MIAMI (AP) -- With the window closing fast for anyone wanting to escape, Irma hurtled toward Florida with 130 mph winds Saturday on a shifting course that threatened the first direct hit on the Tampa area from a major hurricane in nearly a century.
Forecasters predicted Irma's center would blow ashore Sunday and strike the Florida Keys, then hit southwestern Florida, move up the state's Gulf Coast and plow into the Tampa Bay area.
The storm center is expected to miss the Miami metropolitan area of 6 million people — which for days had been expecting to get hit head-on — but it will still be pounded with life-threatening hurricane winds, National Hurricane Center spokesman Dennis Feltgen said.
The Tampa Bay area has not been struck by a major hurricane since 1921.
On Saturday morning, the hurricane's outer bands blew into South Florida as residents scrambled to leave. Damaging winds were moving into areas including Key Biscayne and Coral Gables, and gusts up to 56 mph (90 kph) were reported off Miami.
Irma was expected to pick up strength again as it closed in on Florida.
In one of the biggest evacuations ever ordered in the U.S., about 5.6 million people in Florida — more than one-quarter of the state's population — were told to leave, and 540,000 were ordered to clear out from the Georgia coast. Authorities opened hundreds of shelters for people who did not leave. Hotels as far away as Atlanta filled up with evacuees.
"If you are planning to leave and do not leave tonight, you will have to ride out this extremely dangerous storm at your own risk," Florida Gov. Rick Scott said Friday. He urged everybody in the Keys to get out.
Ray Scarborough and girlfriend Leah Etmanczyk left their home in Big Pine Key and fled north with her parents and three big dogs to stay with relatives in Orlando. Scarborough was 12 when Hurricane Andrew hit in 1992 and remembers lying on the floor in a hallway as the storm nearly ripped the roof off his house.
"They said this one is going to be bigger than Andrew. When they told me that, that's all I needed to hear," said Scarborough, now a 37-year-old boat captain. "That one tore everything apart."
Their house in the Keys, up on 6-foot (1.8-meter) stilts, has flooded before.
"This isn't our first rodeo. Andrew was a wicked storm. Wilma was a wicked storm. This one is going to be worse. Then we'll go home and rebuild, like we always do," said Etmanczyk, a 29-year-old teacher.

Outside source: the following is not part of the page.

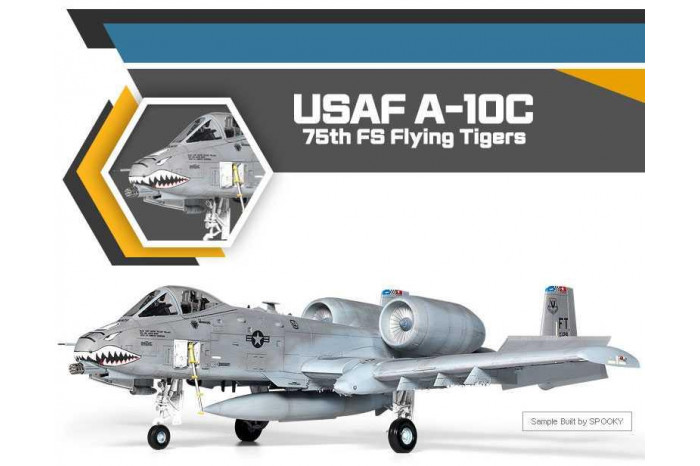Model Kit letadlo 12348 - USAF A-10C "75th FS Flying Tigers" (1:48)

Forecasters adjusted the storm's potential track more toward the west coast of Florida, away from the Miami metropolitan area of 6 million people, meaning "a less costly, a less deadly storm," University of Miami researcher Brian McNoldy said.

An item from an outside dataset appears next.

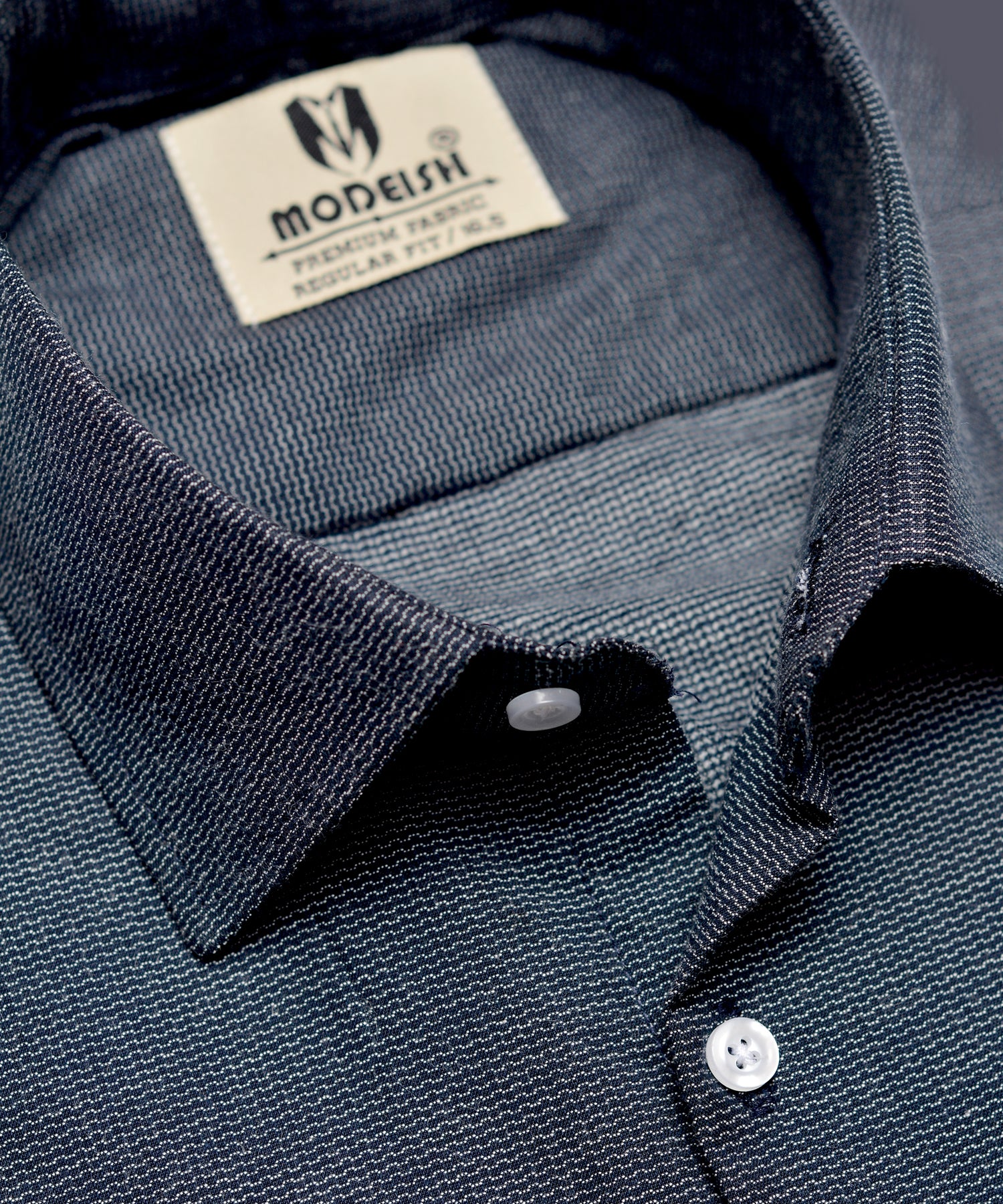 Grey black texture Summer Fabric Shirt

Nevertheless, forecasters warned that its hurricane-force winds were so wide they could reach from coast to coast, testing the adequacy of the more stringent hurricane building codes adopted in the last decade or so.
Gas shortages and gridlock plagued the evacuations, turning normally simple trips into tests of will. Parts of interstates 75 and 95 north were bumper-to-bumper, while very few cars drove in the southbound lanes.
In suburban Palm Beach County on the state's Atlantic coast, the streets were nearly deserted early Saturday as the first squall from Irma dropped a brief shower over the area. Gas stations ran out of fuel, grocery stores were closed and only a few fast-food restaurants were open.
Sherry Whiteside, a Palm Beach Gardens mental health counselor, had come to her neighborhood Publix because she was craving a cherry pie. The store was closed. She held out hope for the state.
"I am praying that it will somehow disintegrate or — what's that word? — dissipate," she said.
Andrew razed Miami's suburbs with winds topping 165 mph (265 kph), damaging or blowing apart over 125,000 homes. Almost all mobile homes in its path were obliterated. The damage in Florida totaled $26 billion and at least 40 people.